Rethinking business and operating models helped a multinational materials technology company set the stage for sustained growth. The company had focused on metal smelting, a polluting activity.
It divested most of its mining assets and acquired capabilities and technologies essential for primary-metals recycling. It also began producing new kinds of products, such as automotive parts. Today, it operates at the frontiers of the clean-tech economy and has reduced its impact on air and water quality by close to 50%.
Invest in new technologies. Technology patent applications by mining companies are on the rise as industry players look for ways to surmount the sustainability challenge.
Examples include technologies that boost the efficiency of recycling techniques, optimize waste treatment, and improve low-grade processing capabilities. Such technologies can help companies reduce their need for enabling resources and allow them to develop products for which demand is on the rise.
In one case, a company that operates its own smelter and refinery developed an e-waste recycling process that maximizes metal recovery from consumer electronics products.
Such e-waste is a reliable and rapidly increasing source of metals and, thus, will help keep the company’s operations sustainable over the long term. What’s more, using e-waste as a source of scrap enables the company to save energy that it would otherwise have had to use for new extractions.
Forge new partnerships. Industry players will need to become part of the dialogue about future rules and regulations regarding environmentally and socially responsible business practices.

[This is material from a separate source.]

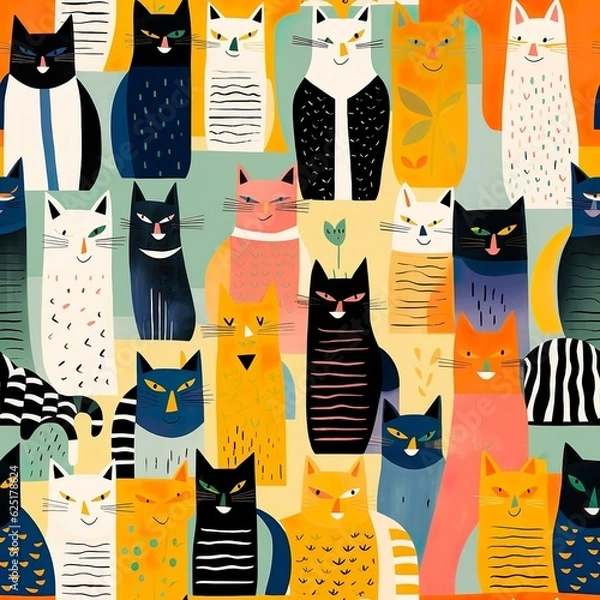 Fototapeta cats seamless pattern in style of collage art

To do so, they can build relationships with local, regional, and national regulatory bodies—for instance, by bundling efforts in a specific region and engaging in close dialogue early in the investment process.
By strengthening such relationships, they can have a voice in shaping sustainability-related laws so that community, development, and business needs are all reflected in the consequent legal frameworks.

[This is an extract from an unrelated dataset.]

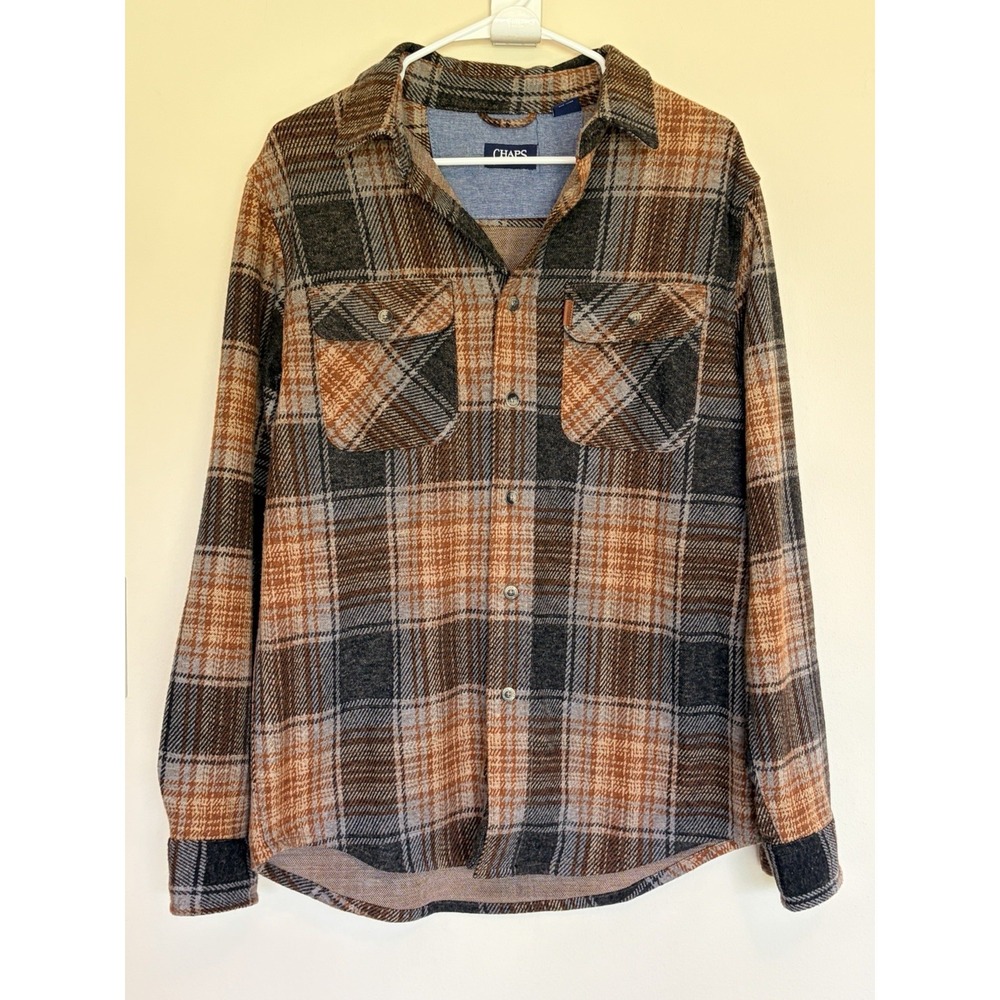 CHAPS Brown Plaid Heavyweight Button Down Shirt Shacket Camp Outdoor‎ Mens Small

And since mining plays a vital role in driving economic growth and employment in emerging economies, companies that want to retain the right to explore and operate in such locations will need to win the trust of surrounding communities.
New ownership models—such as shareholder structures involving local communities instead of direct royalty payments—can be powerful trust-building tools and often lead to more aligned goals.
What’s more, because many developing economies often lack the established policies and investment vehicles needed to drive sustainable growth, mining companies can work with local governments to help these economies design systems that leapfrog more wasteful operations currently seen in many advanced economies.
This could deepen local communities’ trust in areas where companies seek to explore and operate.
The reason? Such approaches will support the growth and employment that emerging economies value, while facilitating compliance with proliferating legislation in areas such as scrap usage, recycling, and waste.
Understanding how the sustainability imperative will affect the industry over time should be a top priority. It is anything but a short-term concern, and it will only become more of factor in those players’ strategies—something that transcends the industries’ current preoccupation with market and price conditions. Mining is inherently a long-term business, and it needs a long-term perspective.
There’s no time to waste: business leaders must start strategizing, assessing how demand may shift and then reconfiguring key elements of their business to adapt to change.
If sustainability is not on the agenda of the next executive meeting, it should be.